- Theatrical release poster
- Directed by: Neema Barnette
- Written by: Cory Tynan
- Story by: Cory Tynan T. D. Jakes
- Produced by: Neema Barnette Jeff Clanagan Nina Henderson Moore Quincy Newell Gary Reeves Blair Underwood
- Starring: Blair Underwood; Sharon Leal; Nicole Beharie; Pam Grier;
- Cinematography: Keith L. Smith
- Edited by: David Beatty
- Music by: Mark Kilian
- Production companies: TDJ Enterprises New Dimensions Entertainment
- Distributed by: Codeblack Films
- Release date: April 13, 2012;
- Running time: 101 minutes
- Country: United States
- Language: English

= Woman Thou Art Loosed: On the 7th Day =

Woman Thou Art Loosed: On the 7th Day is a 2012 American drama film directed by Neema Barnette and starring Blair Underwood, Sharon Leal, Nicole Beharie Clyde R Jones, and Pam Grier.
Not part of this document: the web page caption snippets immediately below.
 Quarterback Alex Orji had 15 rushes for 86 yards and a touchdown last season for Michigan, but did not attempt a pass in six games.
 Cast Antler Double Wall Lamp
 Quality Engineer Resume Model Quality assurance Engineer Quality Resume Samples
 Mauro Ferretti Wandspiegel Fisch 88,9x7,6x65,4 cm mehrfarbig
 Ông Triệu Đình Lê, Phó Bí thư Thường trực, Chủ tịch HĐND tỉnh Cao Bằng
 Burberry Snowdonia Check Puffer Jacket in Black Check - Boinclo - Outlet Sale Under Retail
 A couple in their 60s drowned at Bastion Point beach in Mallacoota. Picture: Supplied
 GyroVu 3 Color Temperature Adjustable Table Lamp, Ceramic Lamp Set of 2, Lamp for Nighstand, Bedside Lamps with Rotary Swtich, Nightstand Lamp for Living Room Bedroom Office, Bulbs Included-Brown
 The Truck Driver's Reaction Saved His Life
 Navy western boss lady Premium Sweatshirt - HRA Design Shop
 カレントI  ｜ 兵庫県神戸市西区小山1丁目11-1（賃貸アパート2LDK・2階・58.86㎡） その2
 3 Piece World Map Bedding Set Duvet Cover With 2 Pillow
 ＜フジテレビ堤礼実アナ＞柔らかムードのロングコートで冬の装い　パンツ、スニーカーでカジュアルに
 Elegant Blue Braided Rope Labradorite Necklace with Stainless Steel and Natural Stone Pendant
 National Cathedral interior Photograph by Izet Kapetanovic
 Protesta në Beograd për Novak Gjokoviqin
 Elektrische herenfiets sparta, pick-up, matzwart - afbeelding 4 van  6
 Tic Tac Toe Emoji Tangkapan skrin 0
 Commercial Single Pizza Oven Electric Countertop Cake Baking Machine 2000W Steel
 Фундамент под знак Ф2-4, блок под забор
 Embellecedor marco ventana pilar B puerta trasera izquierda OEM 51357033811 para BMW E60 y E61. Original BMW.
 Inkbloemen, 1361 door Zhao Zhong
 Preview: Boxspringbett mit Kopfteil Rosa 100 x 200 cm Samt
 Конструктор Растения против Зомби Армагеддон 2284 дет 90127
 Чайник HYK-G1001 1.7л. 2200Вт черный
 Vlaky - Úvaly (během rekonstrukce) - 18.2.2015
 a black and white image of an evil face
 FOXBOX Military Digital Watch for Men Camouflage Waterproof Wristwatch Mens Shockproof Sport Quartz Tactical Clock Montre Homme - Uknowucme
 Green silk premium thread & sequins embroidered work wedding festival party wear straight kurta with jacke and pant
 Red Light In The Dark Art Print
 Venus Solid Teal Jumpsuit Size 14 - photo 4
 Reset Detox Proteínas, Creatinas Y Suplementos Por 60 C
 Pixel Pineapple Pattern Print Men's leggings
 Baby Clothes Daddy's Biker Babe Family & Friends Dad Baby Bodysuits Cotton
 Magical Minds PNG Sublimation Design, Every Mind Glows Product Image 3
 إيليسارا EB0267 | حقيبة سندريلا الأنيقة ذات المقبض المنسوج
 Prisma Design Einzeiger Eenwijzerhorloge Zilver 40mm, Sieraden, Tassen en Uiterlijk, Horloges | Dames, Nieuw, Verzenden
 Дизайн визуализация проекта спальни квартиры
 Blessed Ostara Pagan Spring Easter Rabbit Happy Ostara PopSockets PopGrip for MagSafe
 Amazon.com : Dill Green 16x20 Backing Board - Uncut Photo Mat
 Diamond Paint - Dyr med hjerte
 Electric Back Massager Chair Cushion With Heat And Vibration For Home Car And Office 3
It is the sequel to the 2004 film Woman Thou Art Loosed.

==Plot==
David and Kari Ames enjoy a seemingly idyllic life until their six-year-old daughter, Mikayla, disappears. As the search intensifies over the week that follows, long-concealed secrets beneath the surface of their seemingly perfect facade emerge, endangering their marriage and their family.

==Cast==
- Blair Underwood as David Ames
- Sharon Leal as Kari Ames
- Nicole Beharie as Beth Hutchins
- T. D. Jakes as himself
- Nicoye Banks as Wil Bennet
- Jaqueline Fleming as Tia
- Reed R. McCants as Les
- Zoe Carter as Mikayla Ames
- Samantha Beaulieu as Pam
- Tim Francis as Wayne
- Patrick Weathers as Remy
- Clyde R Jones, as Lemont
- Pam Grier as Detective Barrick

==Production==
The film was shot in New Orleans.

==Reception==
The film has a 20% rating on Rotten Tomatoes. On Metacritic, the film has a score of 29 out of 100 based on 4 critics, indicating "generally unfavorable reviews". Wesley Morris of The Boston Globe gave the film a negative review and wrote that "this overplotted, underwritten, powerfully dumb soap-thriller has more professionalism than it deserves." Justin Chang of Variety also gave the film a negative review, calling it "hysterically overwrought".